This is not to say that active avoidance of thinking about things will provide all the answers. We still need to set the brain the task of resolving our problems. And actively working through and digging deeper into the issues we are presenting on the page is never wasted effort.

However, we have all had moments where an idea or solution to a problem comes when we are not focused on it, while doing the dishes, standing in the shower, or taking a walk. Many of us find that focusing on other types of creativity, molding clay, bending wire, or designing and sewing a costume, are also great ways to spark the brain into a different way of thinking about the snarls of our written work.

I recently read an article on creativity and the creative process that posits that forgetting can be beneficial for creativity. That “forgetting” can improve “combinatory play.” The idea is that hard-wired concepts that lose their connectedness make way for us to make creative leaps in our thinking. The author (Scott A. Small, M.D.)  uses the term cognitive alchemy, which I must admit was a term I hadn’t come across before. It’s certainly in the world, but it hit me in a surprising way. Of course, I thought. What else is creativity but brain-driven chemistry based on the mixing of thoughts, ideas and techniques to create recombinant forms of art? But what of the reader? In chemistry, isn’t there typically a reactant and a reaction?

 In creative writing, we use words to create pictures, to share experiences, to shift cliché into new story and world specific descriptions that elevate world-building and emotional expression and provide pathways into the hearts of our characters that allow readers access into both another’s story and often their own. It’s “a magical power or process of transmuting a common substance, usually of little value, into a substance of great value,” which is a definition of alchemy.
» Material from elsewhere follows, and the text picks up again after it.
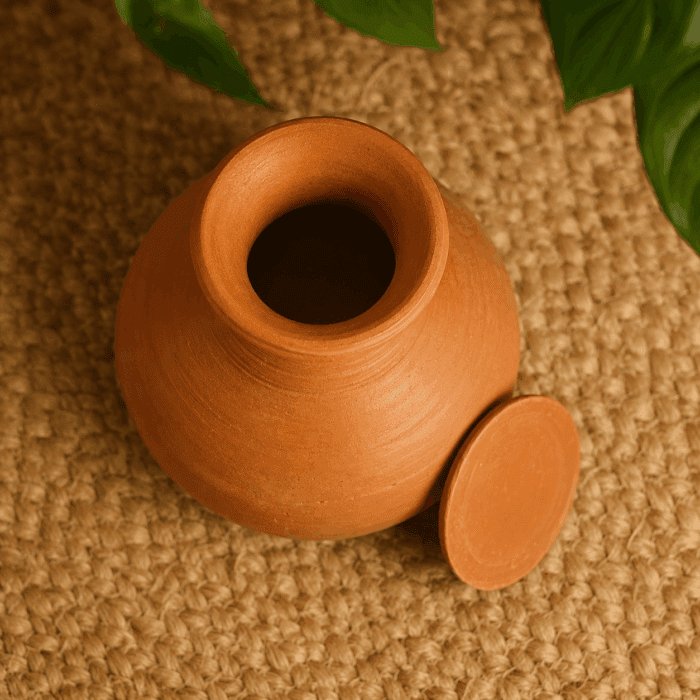 Traditional Clay Water Kooja - Image 4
Storytelling is a form of sorcery. Writers conjure, using chemistry to recombine thoughts and ideas with measures of mythology, spoonfuls of philosophy, and handfuls of history, stirring the ingredients together with oodles of emotion and a volume of voice. The final product is offered up to readers, who open their brains to ingest this glorious conglomerate, and are able to step into and experience an entirely new world, and are changed by the encounter.

That’s what I call cognitive alchemy!